[analyzer][RFC] Retry Z3 crosscheck queries on timeout

Brief

In this RFC, I’ll display some statistics about an experiment I did improving the run-to-run stability of analyses with Z3 refutation by ~80-90% according to my data.

History and motivation

In a previous RFC “Taming Z3 query times”, I shared that in some rare cases Z3 refutation can effectively halt an analysis, because it would just run for close to 15 seconds for all report candidate in a report equivalence class - which can take surprisingly long, for large eqclasses. Or we would have many small eqclasses, but many of them that would exercise a similar “hang”.

I argued, that a “hang” is as serious as a “crash”, motivating me to put some safeguards for ensuring hard guarantees that a report equivalence class is always processed in at most 1 second (but usually much much faster than that).
The proposed solution traded off these hangs for a limited, but measurable nondeterministic (flaky) reports - due to the nature of tighter timeouts.

This was reported by @szelethus in a reply, that the increase of the flaky reports is a no-go, thus was sort of reverted last week.
I think this was a good call overall, but I wanted to come back and reduce the flaky behavior even with the values previous to the revert, so here are my results.

Idea: retry the failing queries

Let’s take a query that should take as long as the timeout threshold we have. Then sometimes if would pass, other times it would time out - causing a flaky report. (Remember, a query that consistently times out for a threshold is not a problem, because it behaves consistently, thus the outcome is deterministic.)
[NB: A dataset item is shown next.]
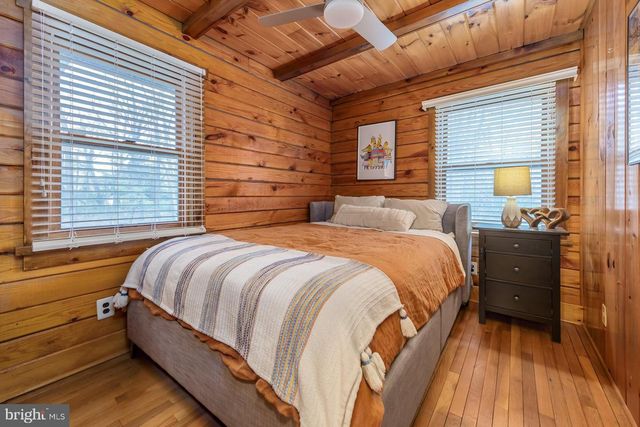 1069 CHEWS LANDING, Laurel Springs, NJ 08021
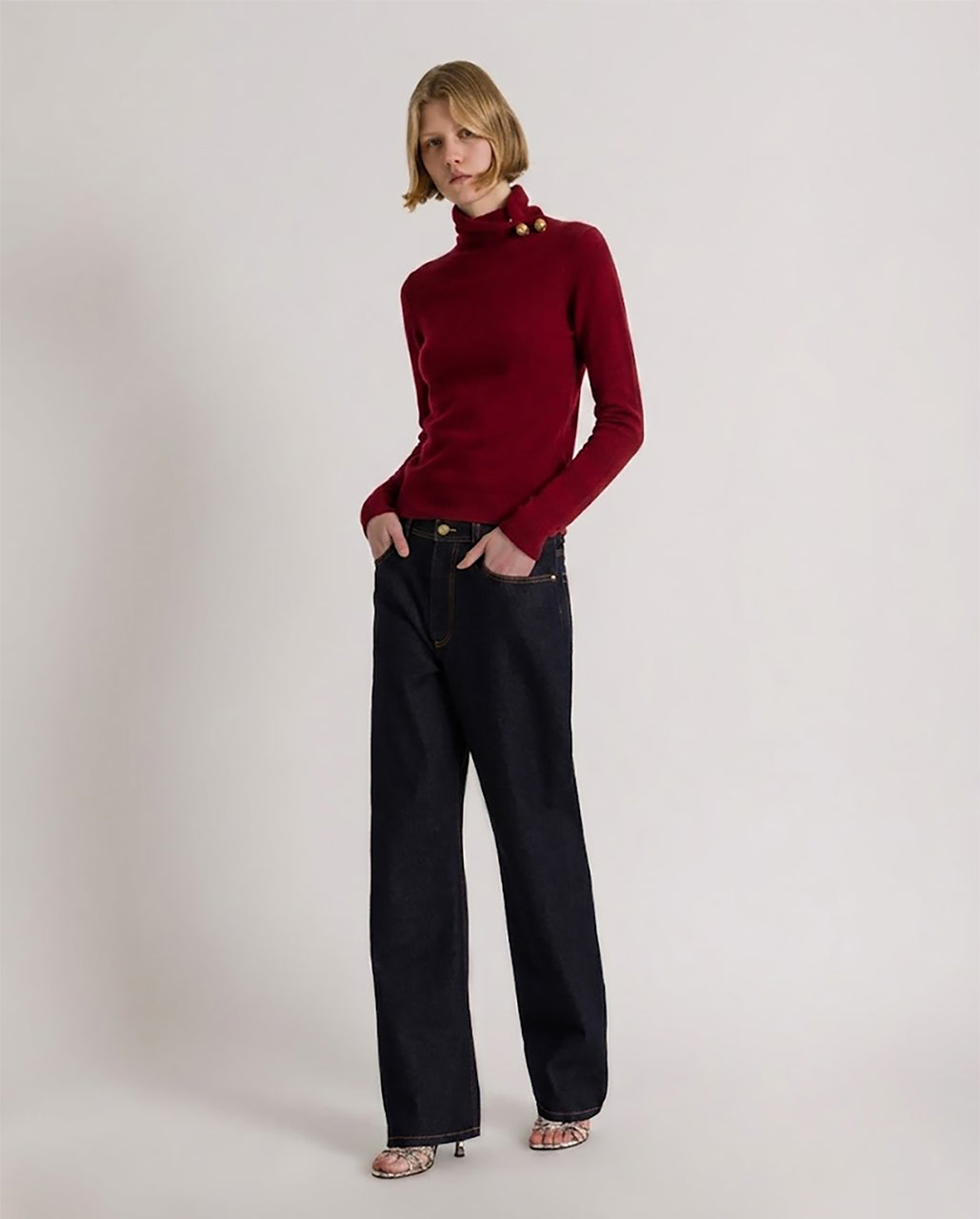 Maglione a collo alto in lana, seta e cashmere con spilla Rosso Alberta Ferretti Boutique Online 2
So, if we have a flaky report, we should be able to improve the stability of the outcome by running the query multiple times if it times out.

This wouldn’t completely fix the flaky reports problem caused by the nondeterministic timeout problem with Z3 refutation, but it may reduce the magnitude to an acceptable level at the expense of spending a bit more time on some Z3 queries.
The main benefit of this is that we would keep similar hard guaranties of the safeguard we introduced in RFC “Taming Z3 query times”.

Measurements

I used our pool of 200+ projects.

  • Setting a timeout of 15 seconds, 0 rlimit, 0 accumulated eqclass threshold and 20 retries, we should have the most stable run we ever had. Diffing two identical runs of this configuration revealed 7 flaky issues.
    I could have just disabled Z3 crosschecking to confirm that these are flaky for other reasons than Z3. This is basically the “best” we can hope for, to set the scene.

  • A run with 300ms timeout, 400k rlimit, 700ms accumulated timeout resulted in ~500 issues (the sum of + appearing and - disappearing issues). This was in line with our past experience of using this default configuration - call this “baseline”.

    • run 1 vs run 2: +259 -251
  • A run with 300ms timeout, 400k rlimit, 700ms accumulated timeout and allowing 1 retry resulted in about 50 to 100 flaky issues, which is 5 fold better than “baseline”.

    • run 1 vs run 2: +27 -23
    • run 2 vs run 3: +10 -90
    • run 3 vs run 1: +89 -13
  • A run with 300ms timeout, 400k rlimit, 700ms accumulated timeout and allowing 2 retries resulted in about 60-110 flaky issues, which is basically identical to having 1 retry.

    • run 1 vs run 2: +27 -34
    • run 2 vs run 3: +58 -53
    • run 3 vs run 1: +56 -54

This data suggests that having 1 retry helps to reduce the flakyness by a lot. In my experience, it reduced by 80-90%. Having more retries didn’t really help in our case, but I think it may be dependent on the compute cluster the analysis runs on, so having the default retry count set to more than 1 (like 2) should be likely a better default than just 1.

What’s next?

Unfortunately, as long as we have timeouts, we will always have flaky reports no matter what. Caching Z3 queries would help to “pin” the outcome of the first run where we run a Z3 query, as described here. However, all these are just smart ways of fighting nondeterminism, not a silver bullet.

We plan to come back to implementing and measuring a prototype for the Z3 query cache along with improving the determinism of all the other parts of the analyzer if our bandwidth allows in the future.

I’m currently crafting the test case for the PR before I’d submit it.
EDIT: Here is the PR.

I’ll migrate questions raised at the PR, as I believe the direction should be discussed here, and then the implementation details at the PR.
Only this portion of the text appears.